Job never enters state R (Run)

This is a very common problem that can have many different reasons.

Reason 1: Filesystem that has logs is full

A problem I had was the following: there was some jobs running on the system, but newer jobs wasn't running. If we just check its status with Maui's command checkjob, it tell us:

# checkjob 3038

(...)

job is deferred.  Reason:  NoResources  (exceeds available partition procs)
Holds:    Batch  Defer  (hold reason:  NoResources)
PE:  16.00  StartPriority:  31
cannot select job 3038 for partition DEFAULT (job hold active)

So we have a Maui hold in it. If we just try to relase it with releasehold and wait the scheduler cycle, we see that it is put the hold again. Maui log doesn't help and just tell us that there aren't available resources, like checkjob just did.
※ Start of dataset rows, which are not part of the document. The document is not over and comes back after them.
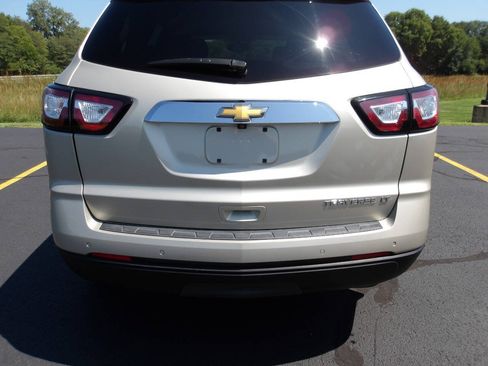 Used 2016 Chevrolet Traverse LT w/ Style and Technology Package FWD image 36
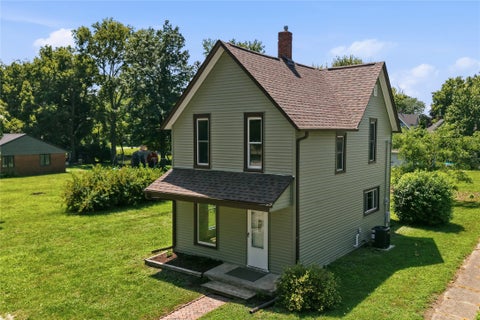 Homes For Sale - 119 Sycamore Street<br/> Cambridge, IA 50046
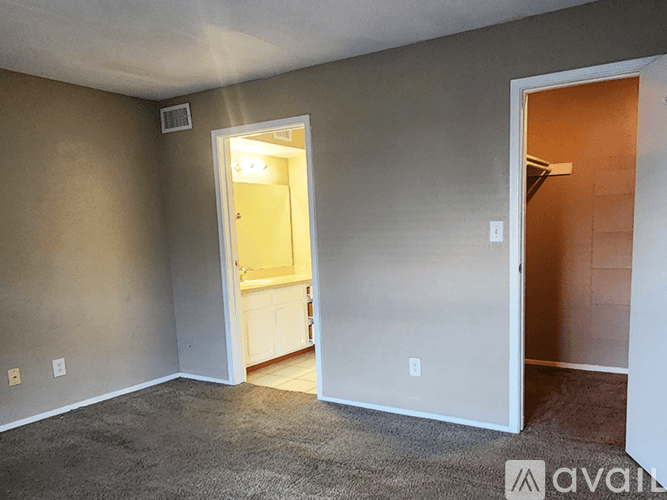 St. Petersburg Condo: 9100 Doctor Martin Luther King Junior Street North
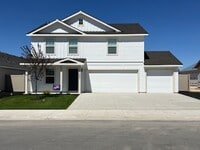Building Photo - Newer 4 bed 2.5 bath home in Caldwell, just off Middleton Rd and Ward Rd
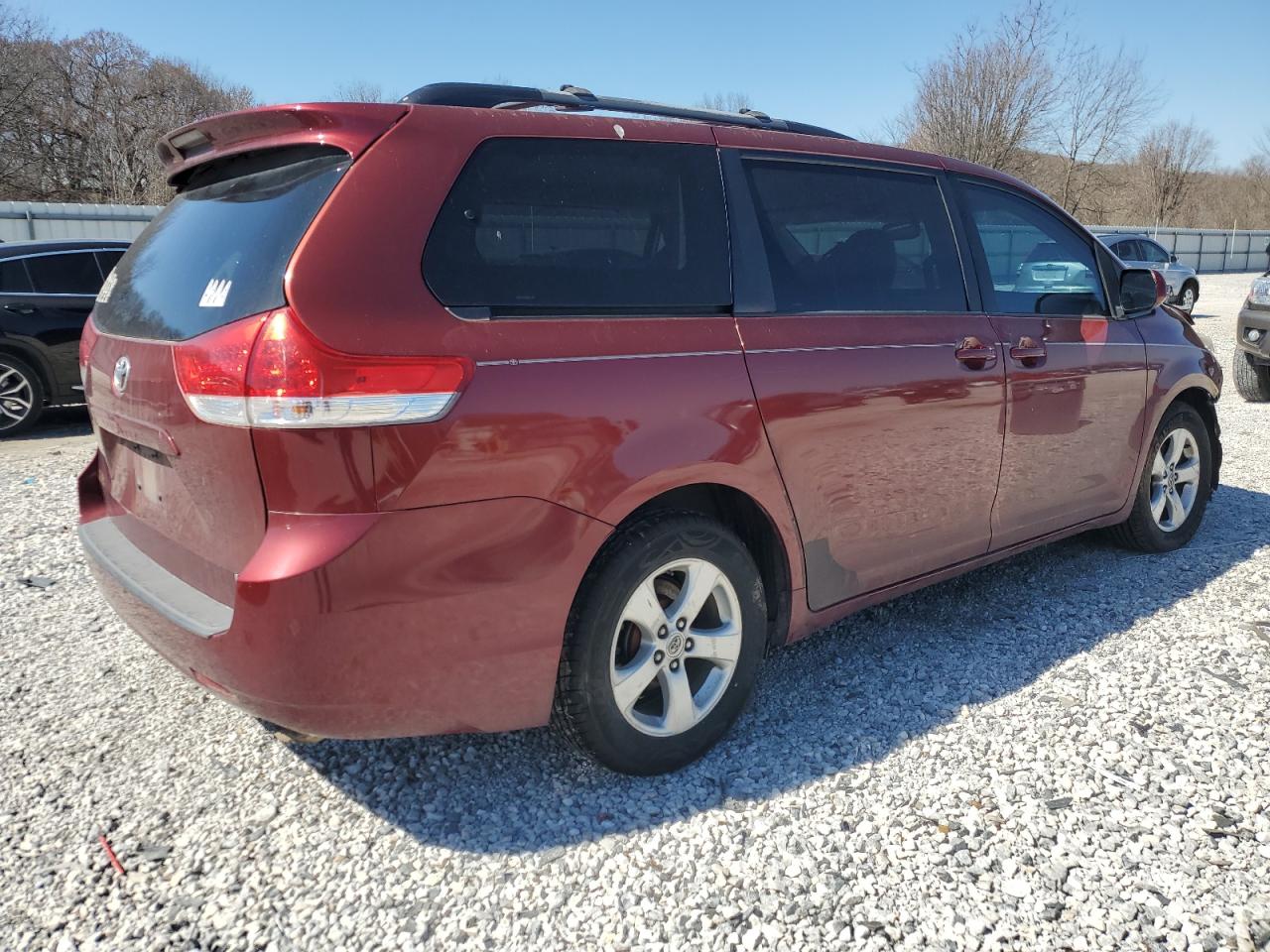 2011 Toyota Sienna - Image 3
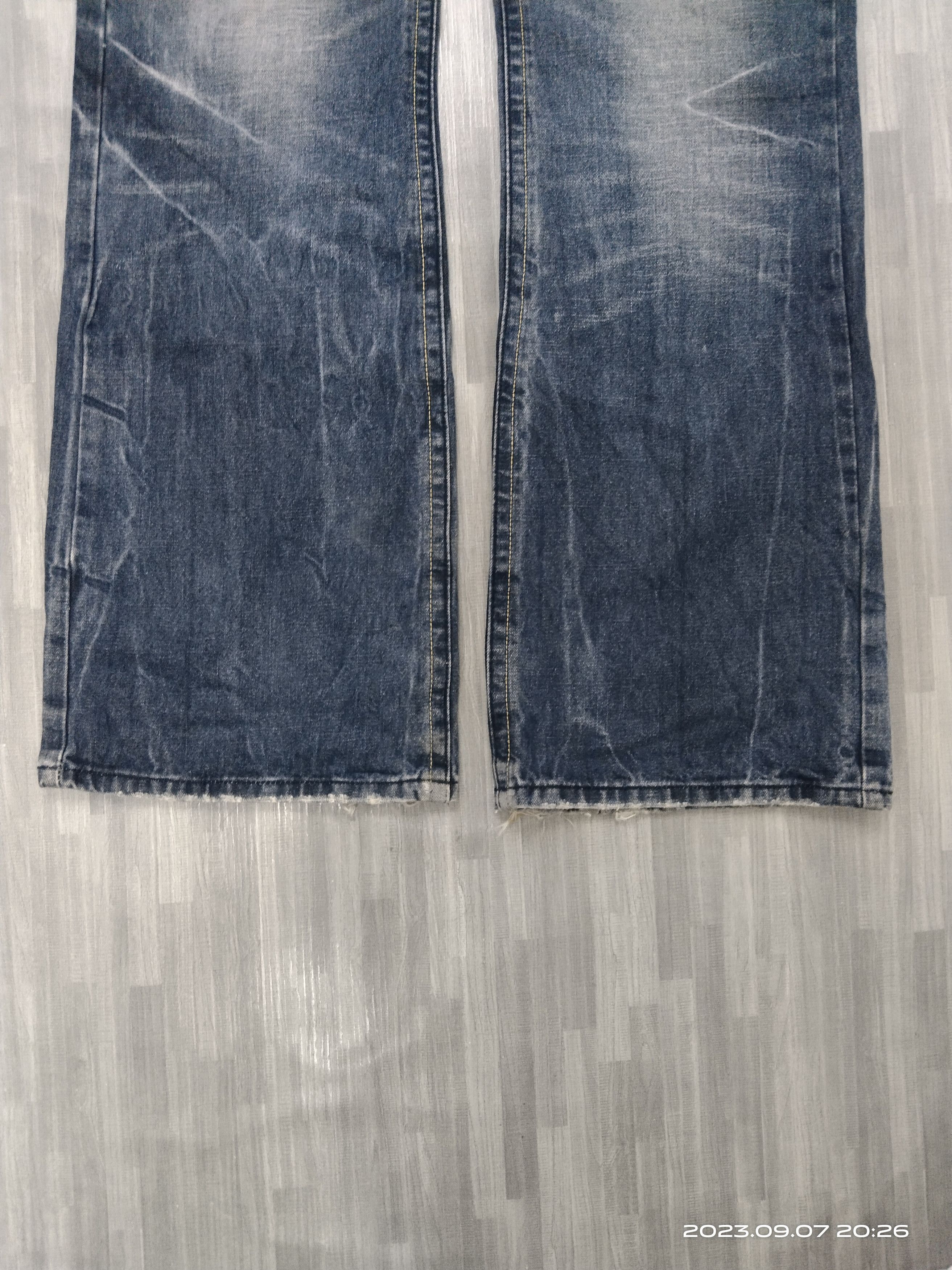 If Six Was Nine FLARE SICK SPELLOUT DIAMOND HONEY DENIM PANTS Size US 31 - 6 Thumbnail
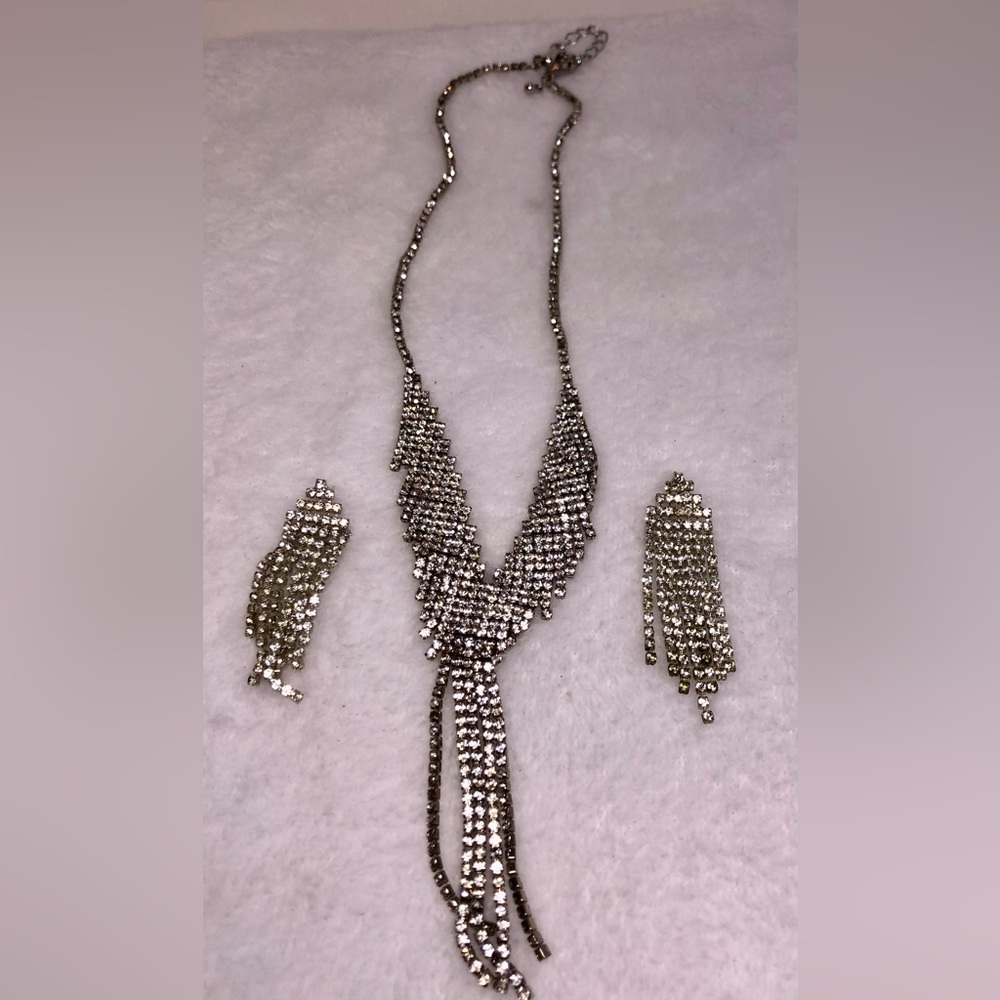 Stunning Chandelier Rhinestone Necklace-Earring Set - Picture 13 of 14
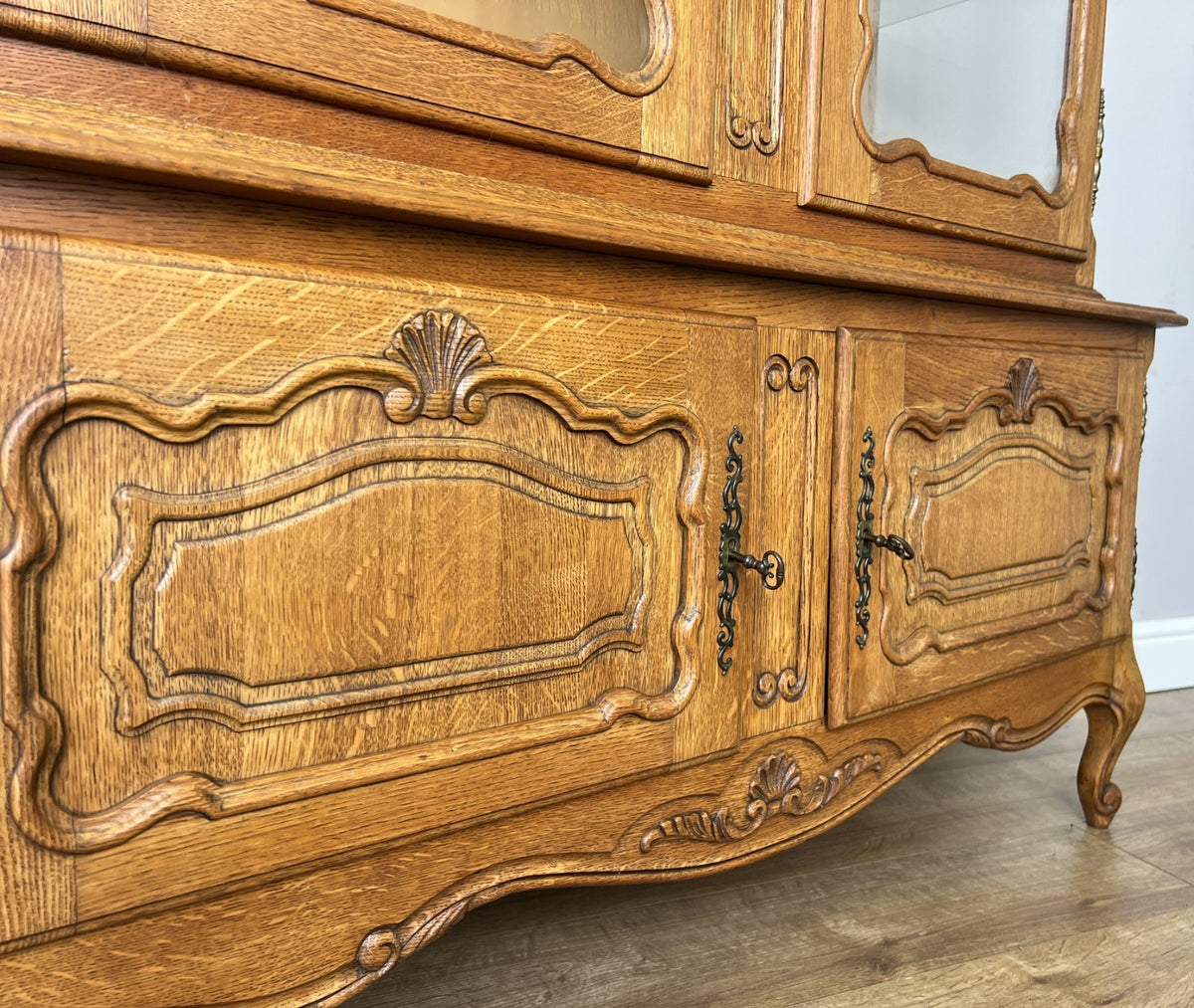 Bookcase Vintage French Louis XIV Style Oak Glazed Display Cabinet LOT 6490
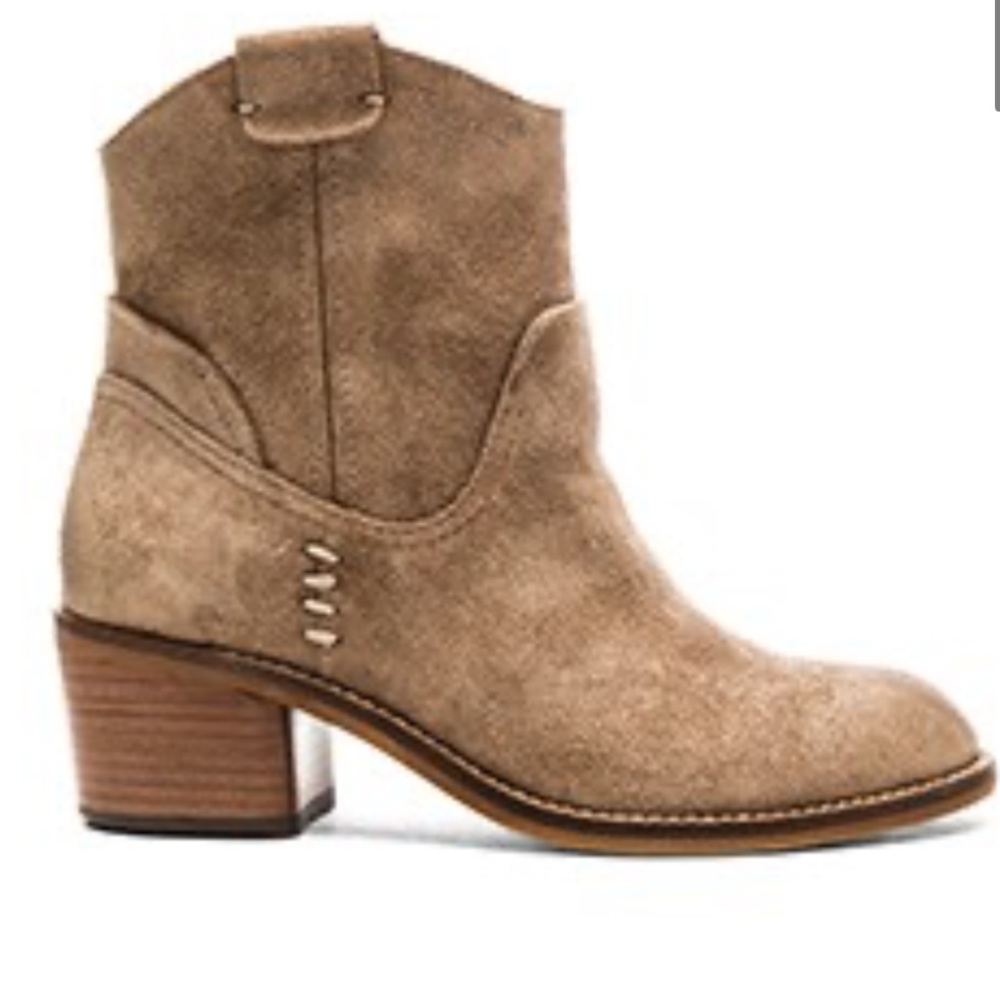 REVOLVE DOLCE VITA GRAYDEN BOOT IN TAUPE SIZE 10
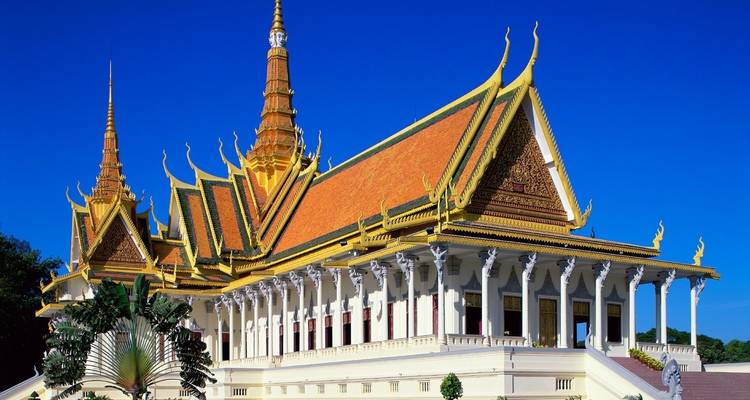 Colorful traditional-style building with clear blue sky.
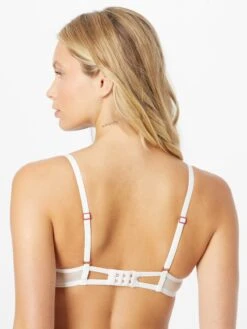 Bøjle-BHer Triangel BH Le Plunge Kvinder Offwhite -s.Oliver Butik 35af770b6f197c5d54395a3bb846b9a5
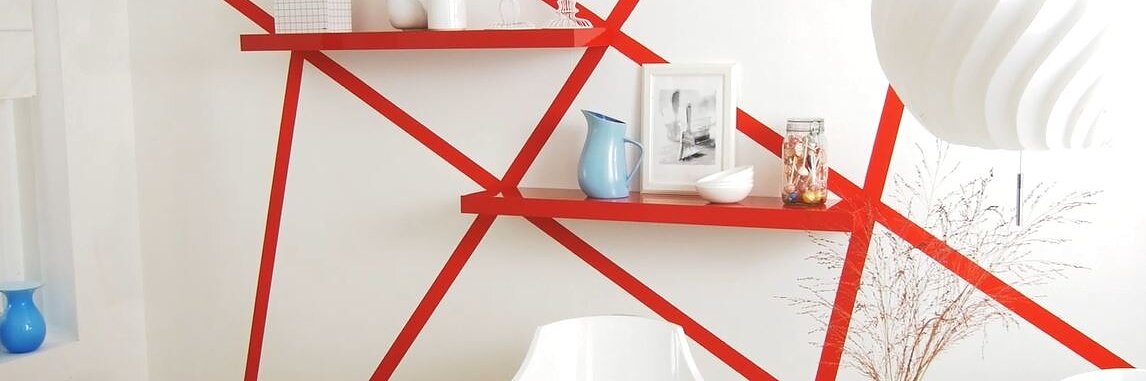 Red striped wall design with the help of tesa® masking tape. An innovative and unique wall design idea for your home.
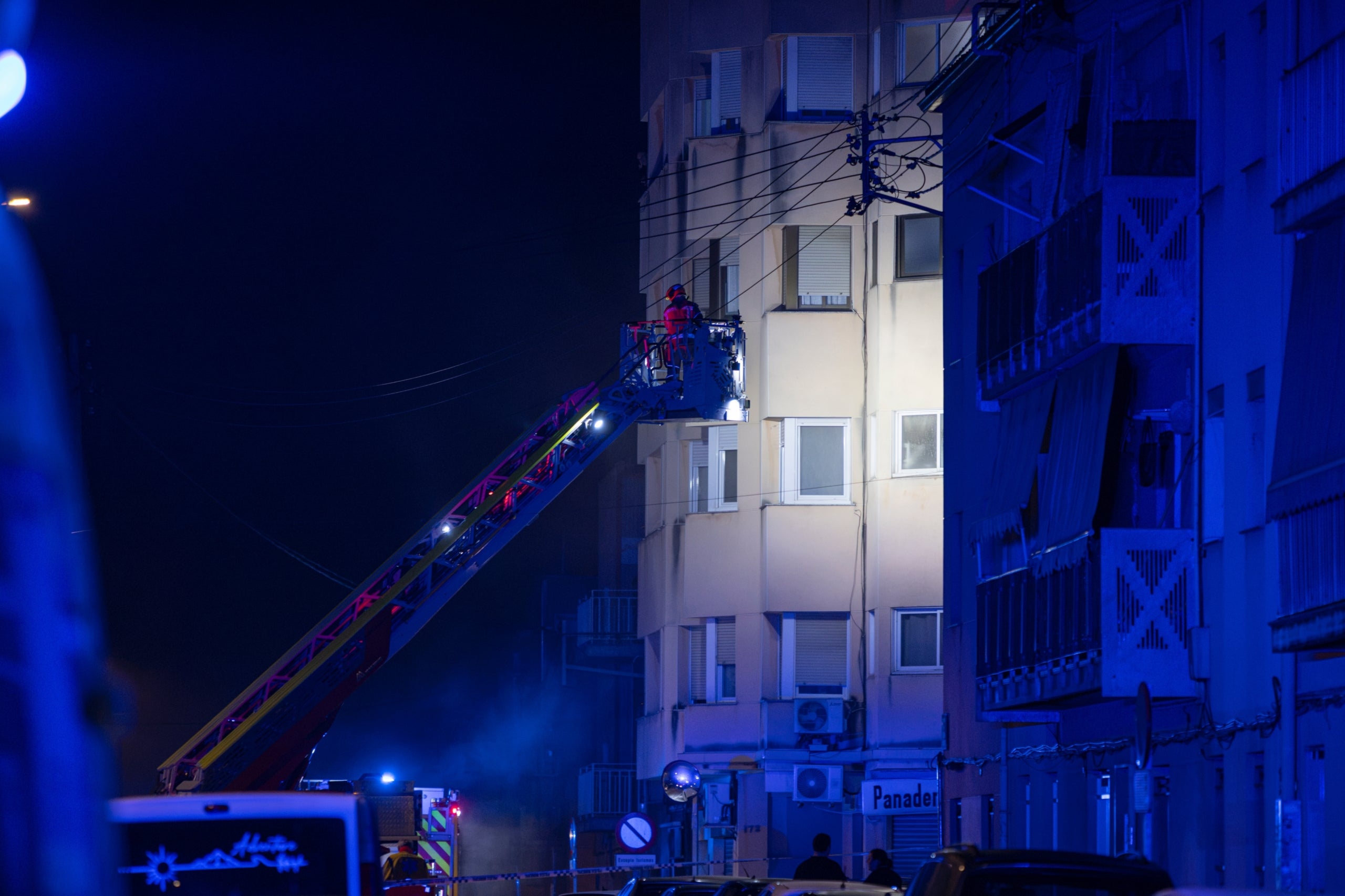 Els Bombers de la Generalitat han actuat aquest dilluns, dia 26 d'octubre, cap a les 23.30h, a Can Palet en l'incendi a un pis. El foc s'ha originat a la galeria exterior d'un habitatge del carrer del Germà Joaquim, 166. Les flames han afectat diversos electrodomèstics, i el fum s'ha escampat per la cuina i el menjador. No hi ha hagut ferits, però sí que s'han evacuat il·lesos els sis membres de la família que viu al immoble.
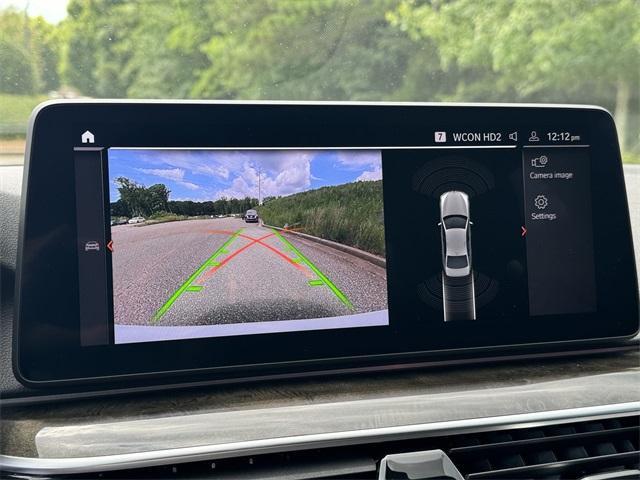 Photo of 2022 Alpine White BMW 530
pbsnodes tell us jobs are free. But, if you investigate with care, you will see a different message:

bachianas-1
     state = free
     np = 4
     ntype = cluster
     status = rectime=1413550150,varattr=,jobs=,state=free,netload=? 0,gres=,message=ERROR: torque spool filesystem full,loadave=0.00,ncpus=4,physmem=8077312kb,availmem=7872128kb,totmem=8077312kb,idletime=11,nusers=0,nsessions=0,uname=Linux bachianas 2.6.16.60-0.42.10-default #1 SMP Tue Apr 27 05:11:27
 UTC 2010 ia64,opsys=linux
     mom_service_port = 15002
     mom_manager_port = 15003

There is a message field with the following content: ERROR: torque spool filesystem full. Some time ago the filesystem was really full and we had to delete some files but we didn't restart pbs_mom.

So, in this case, a quick restart of pbs_mom daemon solved the problem.

Reason 2: DNS problems

If we use command checkjob to investigate, we see:

job is deferred.  Reason:  RMFailure  (cannot start job - RM failure, rc: 15085, msg: 'Time out MSG=connection to mom timed out')

This means that the server cannot connect to the mom daemon and vice-versa.

In mom_logs we find the line:

11/05/2014 18:30:47;0008;PBS_Server.23876;Job;3080.bachianas.ufabc.edu.br;unable to run job, send to MOM '3364214663' failed

And a call to qrun command to force the execution of the job returns:

qrun: Time out MSG=connection to mom timed out 3083.bachianas.ufabc.edu.br

There is also various messages in server_logs saying it is not possible to communicate to mom.

First, check if both daemons pbs_server and pbs_mom are running. If so, there is likely a problem with DNS. In my case, there was an entry for an invalid DNS server in /etc/resolv.conf and it was necessary to remove it. After that, I had to free jobs from hold with the releasehold command.